Investments coming into India via Mauritius will now face closer scrutiny as the Indian government and the Mauritian government have inked a pact to amend the double taxation avoidance agreement between the two nations.
As per the amending protocol, benefits of the India-Mauritius tax treaty will not be available to a taxpayer routing investments through Mauritius if it can be reasonably concluded that availing of these benefits is one of the principal purposes of the party seeking to rely on the tax treaty.
This is known as the 'principal purpose test'.
The intention is to avoid creating opportunities for non-taxation or reduced taxation, particularly through treaty shopping arrangements aimed at obtaining treaty benefits for residents of third jurisdictions.
The introduction of the principal purpose test brings the Mauritius-India tax treaty in line with the BEPS minimum standard. The test is designed to deny treaty benefits in cases of aggressive tax planning arrangements, which are against the object and purpose of a given tax treaty provision, said Dhruv Janssen-Sanghavi, leader at Nishith Desai Associates.
The difficulty with this provision is that it imposes a low burden of proof on the tax authorities before they can deny treaty benefits, but puts a very high burden on the taxpayers to prove that their arrangement is kosher, he said.
The settled position that seems to have emerged over the years in the context of the India-Mauritius tax treaty is that the existence of a valid tax residency certificate, or TRC, is substantive to availing of treaty benefits, said Rahul Charkha, partner at Economic Laws Practice.
However, with the introduction of this new provision, global investors and funds will have to be vigilant, scrutinizing the substance and business rationales behind multi-tier structures and cross-border transactions, he said.
The amendment does not clarify whether or not past investments will receive grandfathering.

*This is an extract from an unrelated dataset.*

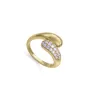 Anillo plata baño oro 2377A016-30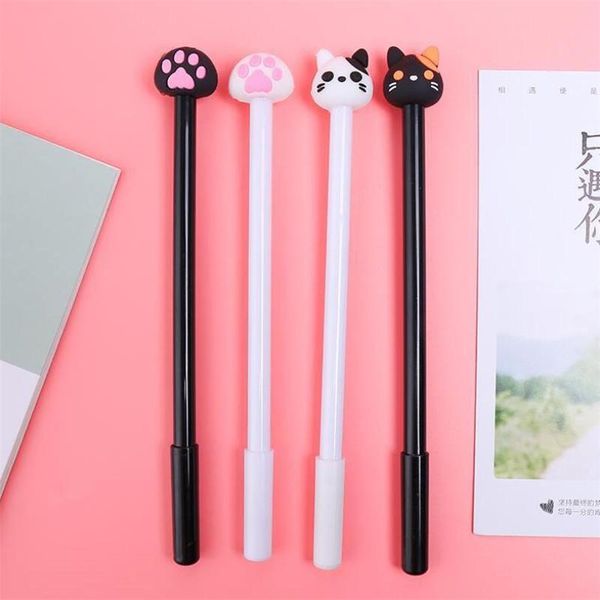 gel pens 1 pc 0.5mm cute cat pen papelaria cartoon kawaii school office supplies student stationery black ink
gel pens 1 pc 0.5mm cute cat pen papelaria cartoon kawaii school office supplies student stationery black ink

It appears that the grandfathering benefit may not be available since the principal purpose test provision has been introduced as a non-obstante clause of the treaty, and therefore, it shall prevail over other provisions of the treaty, including the grandfathering provision, SR Patnaik, partner at Cyril Amarchand Mangaldas, told NDTV Profit.
In addition, the date of applicability of this provision has been ambiguously worded in the protocol.
On the one hand, the protocol stipulates that the provision will take effect as soon as both countries ratify it under their respective laws.
However, it also specifies that it will take effect regardless of the date of the taxes' levies or the taxable years to which they apply.
If this provision is said to have retrospective effect, it may significantly impact a number of cases that are pending at various levels, ranging from assessment levels to the apex court, wherein the tax department denied the tax treaty benefits to the Mauritius-based investors, Patnaik said.
Patnaik said that the CBDT should put out an official clarification with regard to its applicability.
It is pertinent to note that the 1982-signed India-Mauritius tax treaty underwent an amendment in 2016.
The 2016 amendment was brought in because Mauritius did not levy a capital gains tax on the sale of shares in an Indian company, which made it a favourable destination for treaty shopping. After the amendment came into force, capital gains arising out of the sale of shares were made taxable in India.
Since 2016, FDI inflows from Mauritius have dropped from USD 15.72 bn in FY17 to USD 6.13 bn in FY23.